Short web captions
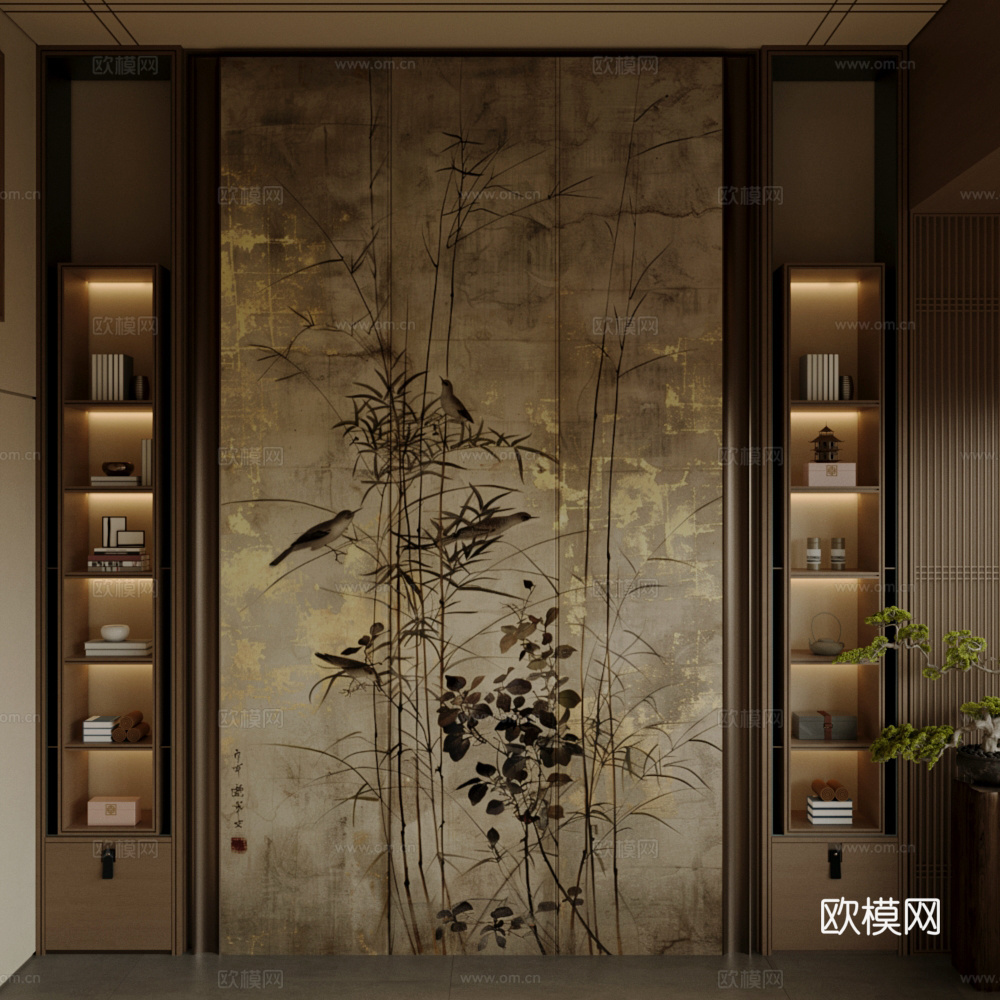 新中式禅意茶柜 中式宋式茶室柜 茶室背景墙 整排茶叶柜3d模型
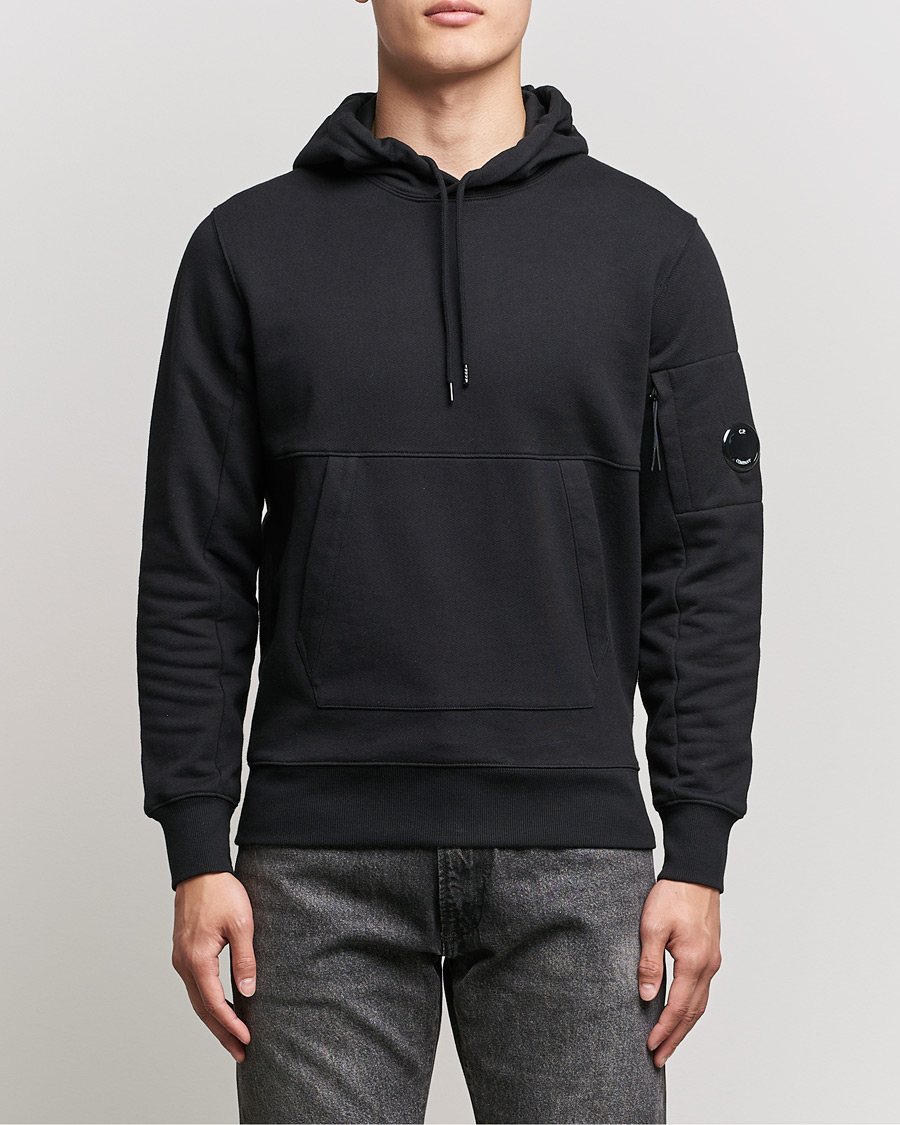Herre | Trøjer | C.P. Company | Diagonal Raised Fleece Hooded Lens Sweatshirt Black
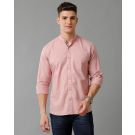 Cavallo By Linen Club Men's Cotton Linen Peach Solid Slim Fit Full Sleeve Smart Casual Shirt
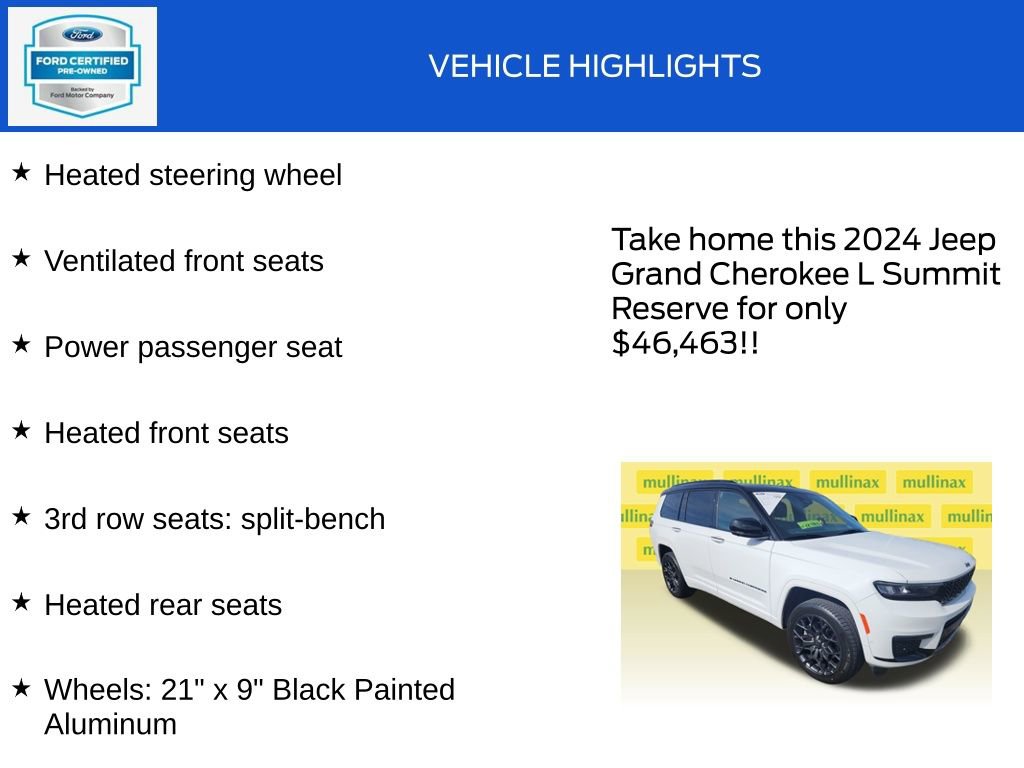 Used 2024 Jeep Grand Cherokee L Summit AWD/4WD image 20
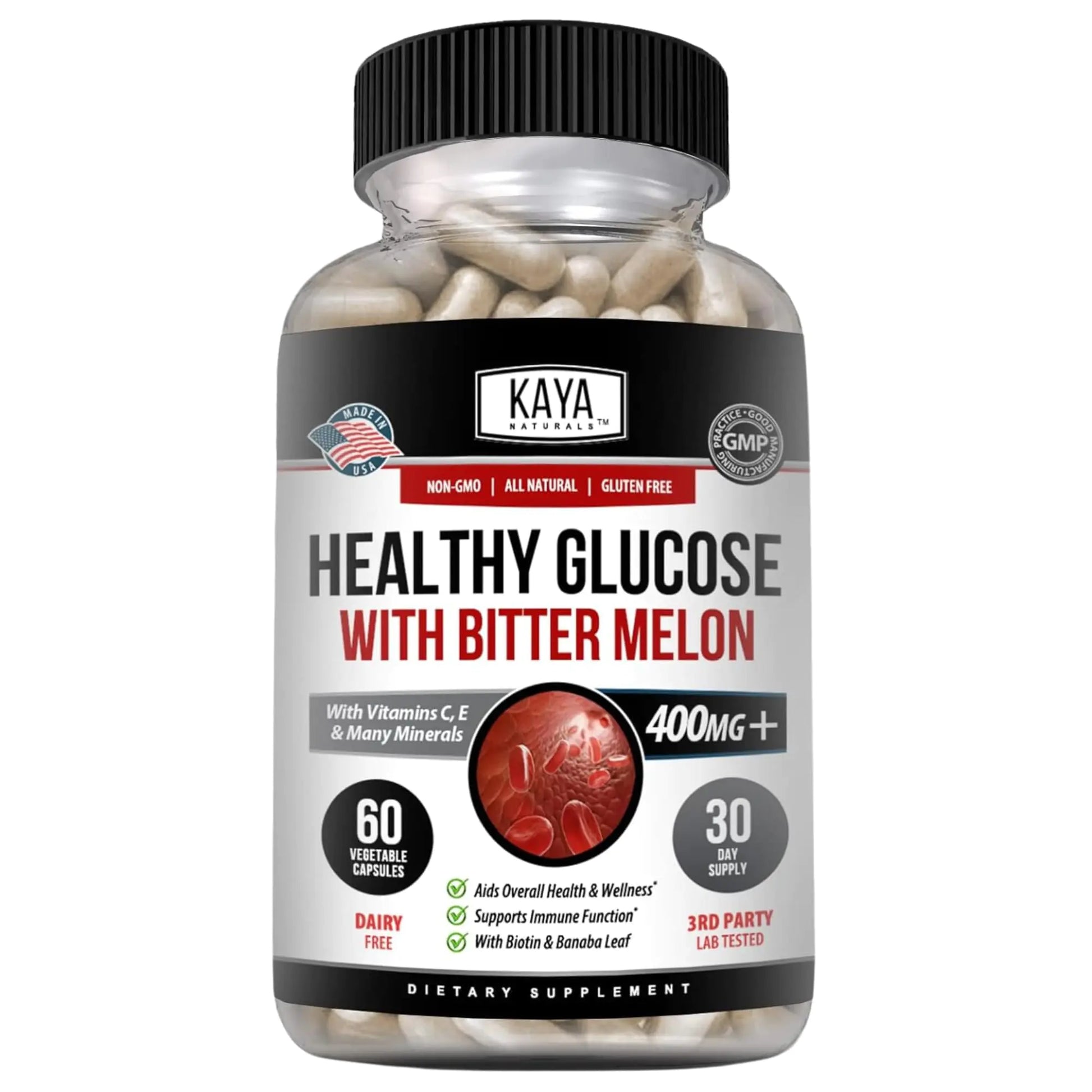 Kaya Naturals Healthy Gluco with Bittermelon Supplement | Support Healthy Levels and Function 20 Herbs Vitamins and Minerals Alpha Lipoic Acide Cinnamon Vitamin C & E Non-GMO (60 Count)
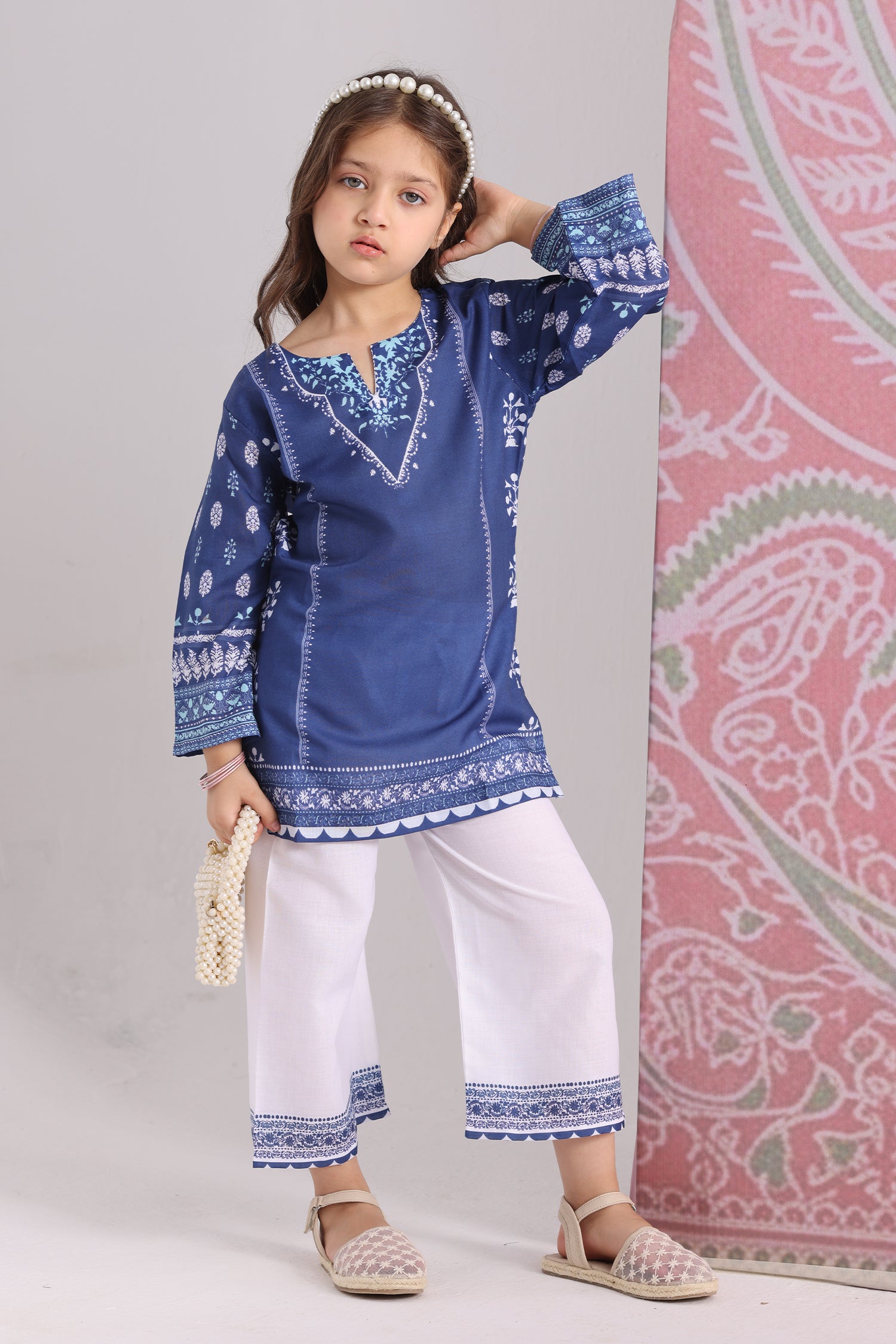 Kids Navy Blue Printed Lawn Cotton Co-ord Set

[What is expected]
No pictures should appear in the copy. Reproduce exactly the lines from the line containing "Kaya Naturals Healthy" through the last line of the data, inclusive.

[Answer below]
 Kaya Naturals Healthy Gluco with Bittermelon Supplement | Support Healthy Levels and Function 20 Herbs Vitamins and Minerals Alpha Lipoic Acide Cinnamon Vitamin C & E Non-GMO (60 Count)
 Kids Navy Blue Printed Lawn Cotton Co-ord Set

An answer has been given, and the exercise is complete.